The fundamental basis of Lean management is human discovery and learning. The means for achieving that is the scientific method and its derivative forms such as kaizen, Plan-Do-Check-Act, root cause analysis, etc., to improve processes so that material and/or information flows without interruption, resulting in myriad positive outcomes for affected stakeholders. It is a form of scholarship – empirical scholarship – animated by deep curiosity, mostly practical but sometimes idle, and a incessant drive to discover facts that inform rational, logical thinking, which any citizen, any society, and any workplace can benefit from.

I believe that it would be beneficial to educate all students in Lean management. How would you do that? Incoming undergraduates are often required to take a “First Year Experience” course. Perhaps a course in Lean management would be in the form of a course student take as a “Fourth (or Last) Year Experience” before they graduate so that they have basic familiarity with key Lean concepts and methods. However it is done, the purpose would be to strengthen and harmonize the balance between achieving an educated citizenry and graduates who are prepared for employment. This outcome is preferable to simply tilting the balance towards employment preparation.
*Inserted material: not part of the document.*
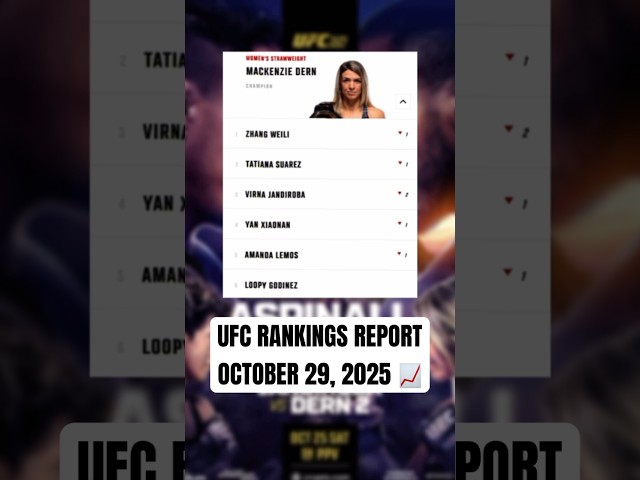 UFC Rankings Report: October 29, 2025 📈 #shorts #mma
Whether the object is society or work, the need for continuous improvement is unceasing and must always be achieved in ways that respect people, with a long-term view. A manifestation of higher learning is knowing the reasons why as well as the methods for achieving non-zero-sum (win-win) outcomes. Lower learning, on the other hand, is reflected in short-term interests and zero-sum (win-lose) outcomes that are all too common in business and government. Conventional management practice commonly found in business is clearly at odds with higher learning and is the source of upset for faculty. The learning needed to do harm to some people is trivial compared to the learning that is needed to do good for the benefit of all. The latter is, of course, higher learning.

Learning the basics of Lean management can be a practical route for bridging the interests of faculty, administrators, business persons, and politicians. Were Thorstein Veblen alive today, would be approve of this? I think so, but with some qualifications that, no doubt, would be sensible.